Okay, I didn't know what sort of temperature rise to expect so I just put 10 degrees, but yes by changing the temperature rise from 10 degrees to 40 degrees, the required trace width is now 4.36mm instead of 16.55mm.
Just to confirm, should I enter 50A or 35A in the digikey trace width calculator?
In reply to Bright Chitura:
yes, for thermal calculation you'd take the maximum continuous phase current root mean square (rms), in your case I understood this is 35 Arms.
Since you chose a 1 mOhm shunt, a 35 Arms maximum phase current, will lead to a +/-50mV maximum voltage across the shunt. In that case I recommend you use our isolated amplifier AMC1302 which has a +/-50mV input range: http://www.ti.com/product/AMC1302.
Unfortunately my board has 4 channels so I have already ordered 4 of the AMC1300B isolated amplifiers. Does this heavily compromise the accuracy or I should be fine still?
if you only use +/-50mV from an isolated amplifier with +/-250mV full-scale input range you will not get the optimum resolution and accuracy. The signal-to-noise ratio will be a factor of 5 lower, and you SNR will be around 14dB lower. If you translate this into resolution in bits, assuming you drive and ADC and won't use the full-scale range you'd loose around 2.2 bits of resolution.
In case you did not order the shunt yet: Why not go for a 5mOhm 7W rated shunt? The worst case shunt losses are 35Arms^2*5mOhm = 6.12W. .
Yes I still hadn't ordered the shunt yet, the only 5mOhm, 7W rated shunt I could find was the 17FPR005E, however on it's datasheet https://au.mouser.com/datasheet/2/303/res_10-1265495.pdf, the maximum current is 22Amps and it's price will go beyond my budget.
In terms of the output and accuracy, my required output will be a voltage of 0 to +/-10V, with 35Arms on the input, equating to 10V on the output or a value within 1% of +/-10V which will be between 9.9V and 10.1V. With my current circuit (image below), the +/-50mV on the input of the isolated amplifier becomes 0.41V (since it has a fixed gain of 8.2), and then the 0.41V will be amplified to 10V by a conditioning amplifier.
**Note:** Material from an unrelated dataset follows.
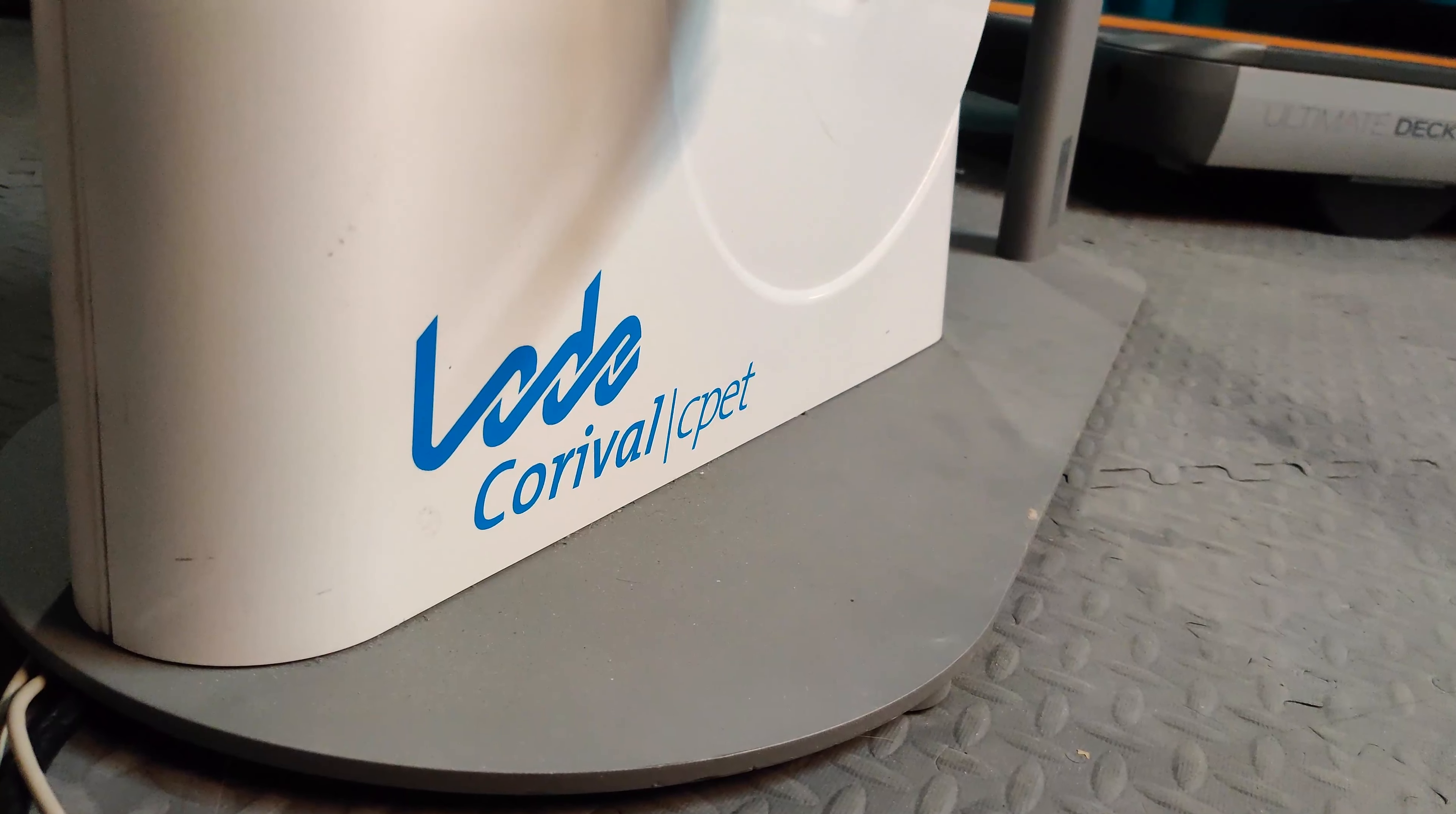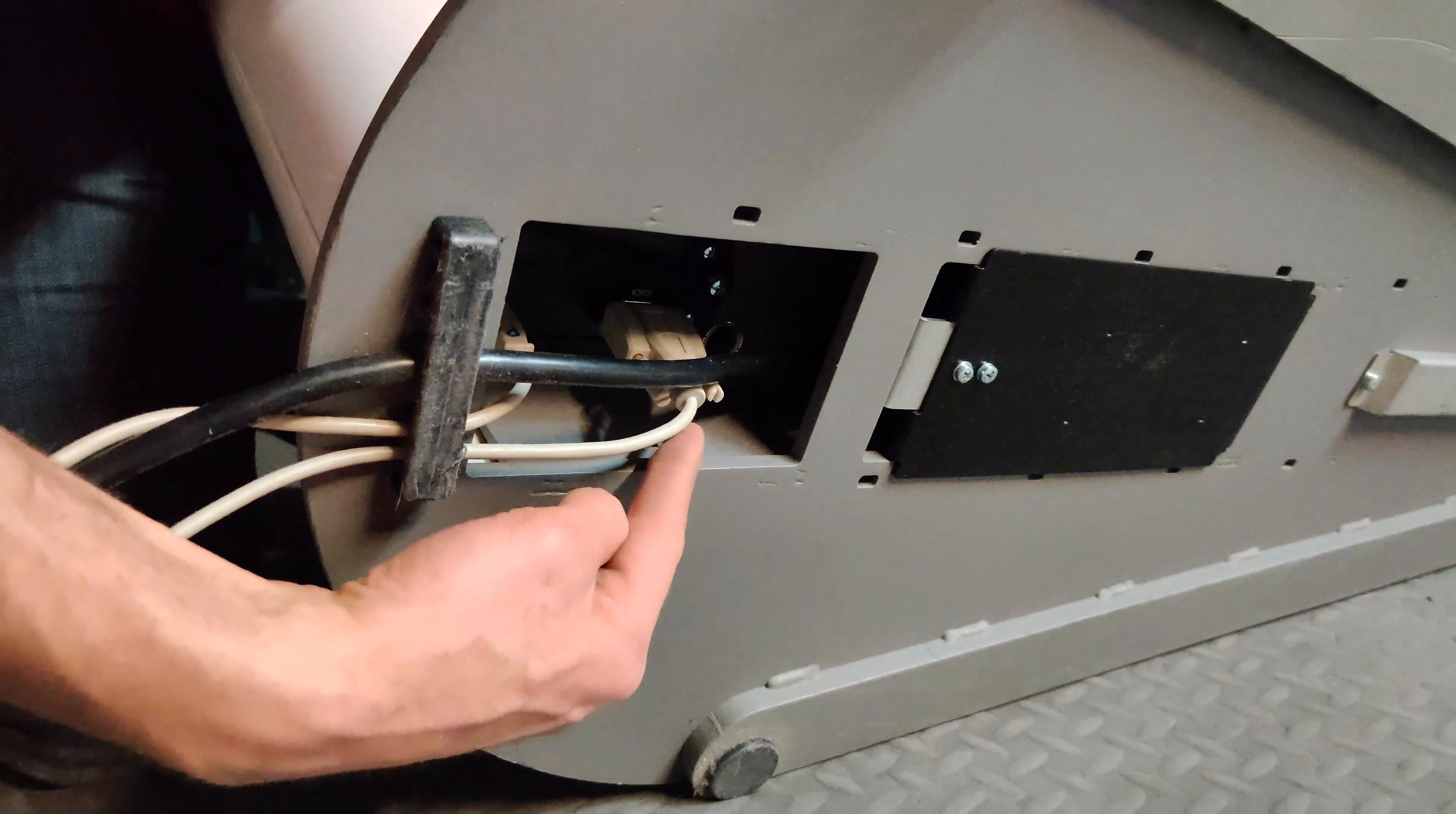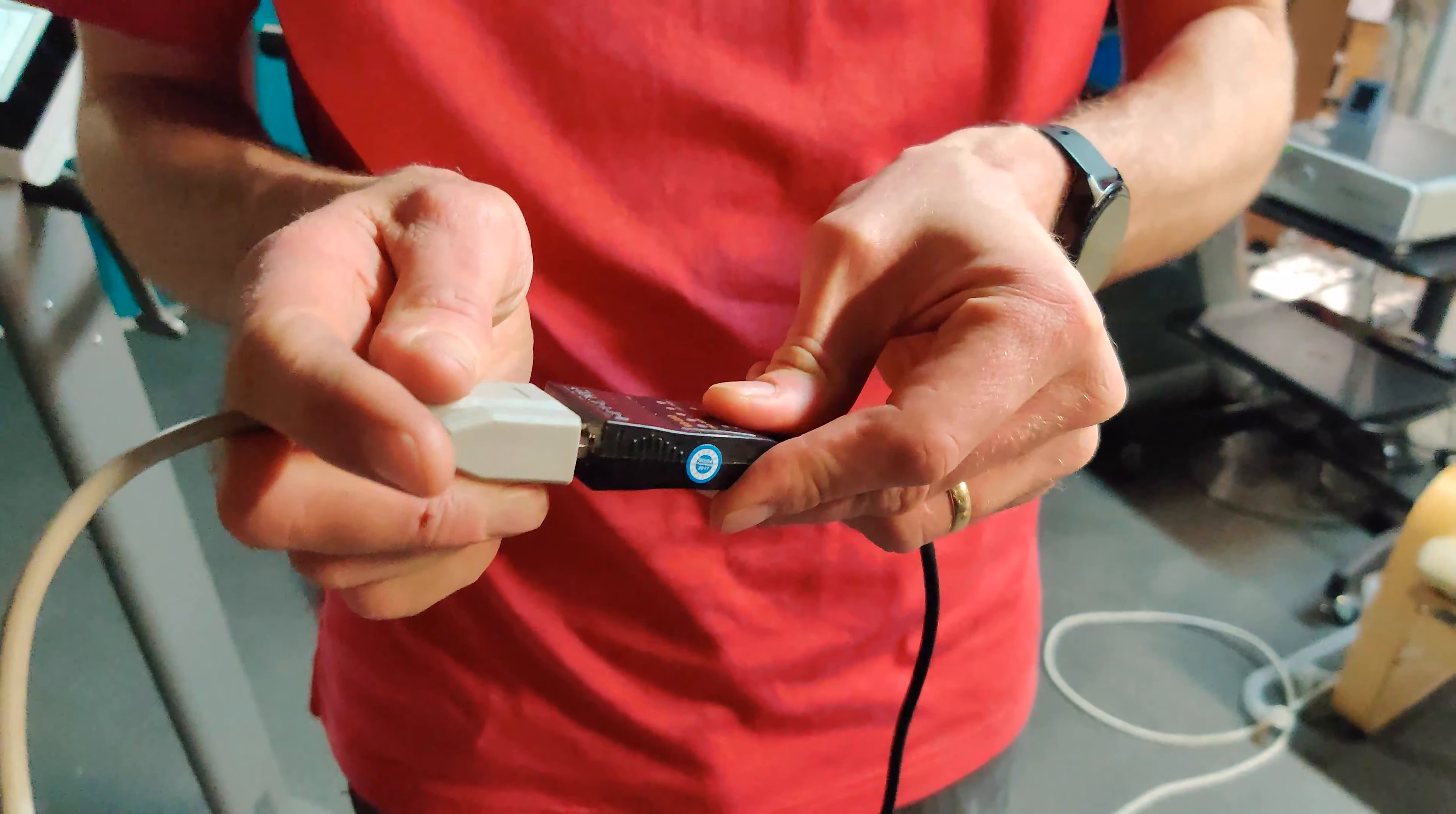Connecting your load ergometer to your CardioCoach software requires a hardwire connection with either a USB or serial cable. Note that using a serial cable may require a serial adapter.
Is there any other 5mOhm, 7W rated shunts you can recommend or should I try to return the AMC1300B isolated amplifiers and get the AMC1302 ones instead?
thank you for feedback.
I won't be able to recommend you a suitable 4-wire 5mOhm, 7W current shunt. I'd recommend you check with the corresponding vendors of current shunts.
It's excellent you use TINA for simulation and you can use to compare the impact on signal-to-noise ratio and bandwidth/settling time using AMC1300 versus AMC1302 with a corresponding lower gain setting of the differential to single-ended amplifier. You may use to estimate this impact and take a decision from the simulation results.
Whether you can return the AMC1300B versus AMC1302 you'd need to check with the distributor you've got your TI samples.
Thanks for the questions. The trace width depends on the max. current, maximum ambient temperature of PCB operation, layer location and PCB material. Standard FR-4 can handle a maximum of 130 deg. C. To stay within safe margins, it is recommended to keep PCB temperatures within 100 deg. C for standard FR-4. The max. allowable temperature rise in PCB traces is calculated depending on your max. ambient operating temperature. In this example, if 50 deg. C is the max. ambient operating temperature, the temperature rise of PCB trace is (100-50) = 50 deg. C. You can use this value in the Digikey calculator to estimate the required PCB thickness. As Martin mentioned, the current value in the calculator will be RMS and not max/peak value.
Hope this helps.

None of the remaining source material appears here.